Renovating and remodeling a home in an established neighborhood usually offers a better-constructed home. Also, there is built in community profit that comes with the center of town's density and higher use. Their municipal services are at the ready.
Being close enough to perhaps walking your children to school, make a fast trip to the corner store, or recreation at a nearby community park or library offers a much higher reward than the alternative.It keeps us connected to the community.
Our municipalities have been sold a bill of goods for too long. They often focus on all the zeros guaranteed by Mr. Big Box's model.
For far too long it has been an easy model to let large chains simply build wherever they want, and get the red-carpet treatment.

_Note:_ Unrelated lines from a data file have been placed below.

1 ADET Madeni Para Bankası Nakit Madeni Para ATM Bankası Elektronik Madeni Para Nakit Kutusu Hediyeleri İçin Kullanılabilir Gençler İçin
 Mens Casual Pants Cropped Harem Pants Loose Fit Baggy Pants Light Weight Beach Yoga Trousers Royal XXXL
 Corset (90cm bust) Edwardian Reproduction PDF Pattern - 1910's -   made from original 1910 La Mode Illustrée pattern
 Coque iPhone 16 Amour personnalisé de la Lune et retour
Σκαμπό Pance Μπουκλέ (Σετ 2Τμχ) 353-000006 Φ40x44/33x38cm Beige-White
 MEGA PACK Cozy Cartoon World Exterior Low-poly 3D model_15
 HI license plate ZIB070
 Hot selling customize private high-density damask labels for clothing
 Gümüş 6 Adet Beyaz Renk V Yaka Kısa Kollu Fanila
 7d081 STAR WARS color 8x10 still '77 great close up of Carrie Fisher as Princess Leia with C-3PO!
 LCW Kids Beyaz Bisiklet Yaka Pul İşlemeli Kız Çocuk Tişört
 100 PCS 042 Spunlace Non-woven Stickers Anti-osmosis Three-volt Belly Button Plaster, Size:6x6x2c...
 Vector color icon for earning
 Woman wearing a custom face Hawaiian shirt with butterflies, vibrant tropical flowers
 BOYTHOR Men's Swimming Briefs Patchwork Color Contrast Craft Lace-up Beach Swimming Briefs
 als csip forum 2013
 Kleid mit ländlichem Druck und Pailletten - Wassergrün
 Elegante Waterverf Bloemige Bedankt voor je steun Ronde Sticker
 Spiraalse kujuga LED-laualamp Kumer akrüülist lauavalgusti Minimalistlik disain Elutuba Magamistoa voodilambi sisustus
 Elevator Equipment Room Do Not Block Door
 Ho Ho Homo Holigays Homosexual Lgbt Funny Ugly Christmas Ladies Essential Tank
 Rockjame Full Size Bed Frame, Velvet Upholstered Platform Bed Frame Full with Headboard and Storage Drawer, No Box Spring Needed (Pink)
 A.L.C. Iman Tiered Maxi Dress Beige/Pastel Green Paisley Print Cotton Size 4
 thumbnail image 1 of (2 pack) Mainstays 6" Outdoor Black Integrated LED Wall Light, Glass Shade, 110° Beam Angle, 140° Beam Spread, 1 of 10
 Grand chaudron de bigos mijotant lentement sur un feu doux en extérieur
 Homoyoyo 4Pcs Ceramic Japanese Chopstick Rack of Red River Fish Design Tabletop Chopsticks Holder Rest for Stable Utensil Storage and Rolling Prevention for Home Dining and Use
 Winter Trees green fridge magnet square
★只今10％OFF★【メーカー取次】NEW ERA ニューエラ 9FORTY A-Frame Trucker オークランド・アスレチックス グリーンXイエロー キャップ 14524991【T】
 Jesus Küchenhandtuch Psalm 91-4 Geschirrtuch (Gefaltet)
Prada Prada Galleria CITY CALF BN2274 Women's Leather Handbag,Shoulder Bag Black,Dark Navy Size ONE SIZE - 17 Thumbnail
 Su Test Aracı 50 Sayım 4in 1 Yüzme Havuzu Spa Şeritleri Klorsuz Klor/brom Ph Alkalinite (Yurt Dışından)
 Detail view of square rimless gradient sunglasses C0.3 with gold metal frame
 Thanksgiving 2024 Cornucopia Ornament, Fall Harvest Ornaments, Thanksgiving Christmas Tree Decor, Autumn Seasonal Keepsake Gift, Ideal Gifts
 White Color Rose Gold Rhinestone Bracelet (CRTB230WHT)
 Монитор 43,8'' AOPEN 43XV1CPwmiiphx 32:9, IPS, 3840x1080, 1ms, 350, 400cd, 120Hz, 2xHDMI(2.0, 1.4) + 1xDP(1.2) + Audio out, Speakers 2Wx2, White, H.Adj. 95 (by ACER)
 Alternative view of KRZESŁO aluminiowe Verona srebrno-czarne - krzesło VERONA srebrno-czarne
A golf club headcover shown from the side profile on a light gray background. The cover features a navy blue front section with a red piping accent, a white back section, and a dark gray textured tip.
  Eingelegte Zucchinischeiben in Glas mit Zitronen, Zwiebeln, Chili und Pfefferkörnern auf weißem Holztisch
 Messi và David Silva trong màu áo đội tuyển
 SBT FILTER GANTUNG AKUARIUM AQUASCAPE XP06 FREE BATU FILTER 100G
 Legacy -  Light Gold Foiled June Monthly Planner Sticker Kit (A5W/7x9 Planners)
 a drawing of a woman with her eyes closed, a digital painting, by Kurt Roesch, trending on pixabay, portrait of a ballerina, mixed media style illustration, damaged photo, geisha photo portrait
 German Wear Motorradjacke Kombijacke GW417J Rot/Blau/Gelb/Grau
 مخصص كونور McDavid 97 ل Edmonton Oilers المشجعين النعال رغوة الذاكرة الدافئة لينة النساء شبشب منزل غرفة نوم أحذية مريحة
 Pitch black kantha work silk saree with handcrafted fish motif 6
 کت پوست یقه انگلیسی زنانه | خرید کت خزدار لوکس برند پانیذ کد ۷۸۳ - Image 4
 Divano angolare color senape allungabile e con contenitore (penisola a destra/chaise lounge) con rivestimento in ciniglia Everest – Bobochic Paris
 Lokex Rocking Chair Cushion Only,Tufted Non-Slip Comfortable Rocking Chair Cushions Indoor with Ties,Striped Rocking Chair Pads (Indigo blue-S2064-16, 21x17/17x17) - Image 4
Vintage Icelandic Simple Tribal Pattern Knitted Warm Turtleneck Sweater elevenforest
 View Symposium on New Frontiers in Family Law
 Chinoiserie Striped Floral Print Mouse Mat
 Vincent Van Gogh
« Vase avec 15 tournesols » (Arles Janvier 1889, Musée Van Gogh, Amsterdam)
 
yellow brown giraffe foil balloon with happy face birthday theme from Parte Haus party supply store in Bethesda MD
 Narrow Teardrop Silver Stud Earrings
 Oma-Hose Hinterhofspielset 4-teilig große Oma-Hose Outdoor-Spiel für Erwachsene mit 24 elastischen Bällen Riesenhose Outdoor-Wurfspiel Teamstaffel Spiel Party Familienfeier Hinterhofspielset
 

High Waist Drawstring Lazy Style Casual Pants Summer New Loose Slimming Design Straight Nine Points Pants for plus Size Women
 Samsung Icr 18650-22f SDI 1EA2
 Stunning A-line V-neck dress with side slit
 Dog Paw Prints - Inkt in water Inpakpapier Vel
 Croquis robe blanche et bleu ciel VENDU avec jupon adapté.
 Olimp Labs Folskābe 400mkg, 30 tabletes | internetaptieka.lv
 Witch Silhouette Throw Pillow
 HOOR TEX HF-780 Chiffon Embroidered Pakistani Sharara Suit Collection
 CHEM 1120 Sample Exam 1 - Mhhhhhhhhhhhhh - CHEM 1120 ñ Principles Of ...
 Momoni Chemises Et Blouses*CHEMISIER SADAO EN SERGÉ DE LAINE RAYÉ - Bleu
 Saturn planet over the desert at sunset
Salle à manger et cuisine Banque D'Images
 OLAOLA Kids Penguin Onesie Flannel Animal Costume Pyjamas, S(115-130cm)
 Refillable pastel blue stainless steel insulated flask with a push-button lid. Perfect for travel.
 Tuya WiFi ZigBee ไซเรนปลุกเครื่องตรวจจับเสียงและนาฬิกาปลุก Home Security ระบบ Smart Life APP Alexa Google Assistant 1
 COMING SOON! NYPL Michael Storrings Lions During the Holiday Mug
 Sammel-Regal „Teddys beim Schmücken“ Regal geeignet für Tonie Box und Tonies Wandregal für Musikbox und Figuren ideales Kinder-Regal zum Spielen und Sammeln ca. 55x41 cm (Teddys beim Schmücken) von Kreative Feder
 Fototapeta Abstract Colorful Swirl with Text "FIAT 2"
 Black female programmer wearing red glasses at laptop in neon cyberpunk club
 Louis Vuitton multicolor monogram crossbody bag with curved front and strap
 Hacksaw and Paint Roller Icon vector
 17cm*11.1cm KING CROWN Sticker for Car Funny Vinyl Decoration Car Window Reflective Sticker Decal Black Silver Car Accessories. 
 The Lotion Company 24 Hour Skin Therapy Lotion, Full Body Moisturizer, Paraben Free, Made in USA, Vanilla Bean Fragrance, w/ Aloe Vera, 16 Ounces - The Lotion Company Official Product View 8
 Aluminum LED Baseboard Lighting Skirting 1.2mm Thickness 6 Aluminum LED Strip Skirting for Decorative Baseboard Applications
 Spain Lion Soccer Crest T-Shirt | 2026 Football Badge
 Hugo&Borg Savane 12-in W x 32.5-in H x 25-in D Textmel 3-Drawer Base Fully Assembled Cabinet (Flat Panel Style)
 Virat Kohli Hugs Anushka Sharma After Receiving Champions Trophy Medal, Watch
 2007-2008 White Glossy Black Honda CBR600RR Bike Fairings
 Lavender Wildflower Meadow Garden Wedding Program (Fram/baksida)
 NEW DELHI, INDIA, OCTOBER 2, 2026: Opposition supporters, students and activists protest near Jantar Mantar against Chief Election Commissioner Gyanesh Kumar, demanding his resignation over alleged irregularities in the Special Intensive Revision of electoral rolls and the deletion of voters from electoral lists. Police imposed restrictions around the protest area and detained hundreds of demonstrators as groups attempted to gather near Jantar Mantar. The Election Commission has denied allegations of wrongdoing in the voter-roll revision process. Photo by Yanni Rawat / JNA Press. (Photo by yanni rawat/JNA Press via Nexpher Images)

To offer a pad site at an industrial park, or extended utilities for another big box, the City only has to brush off the hidden infrastructure costs, negative impact on local businesses, and the health of the community-at-large, right? No big deal... We need to require more. These corporate titans can (and will) work through city zoning and design review provisions if your municipality requires it. If they are not interested in working within the constraints that fit your community's plan for sustainable development, then let them go.
There are studies (like this one from Joseph Minicozzi) that show that a municipality gets more than seven times the return for every acre on downtown investments than it does when it breaks new ground out on the city limits. If you have not seen this study, there are lots more good stats to support the case for reinvesting in the historic Main Street district first.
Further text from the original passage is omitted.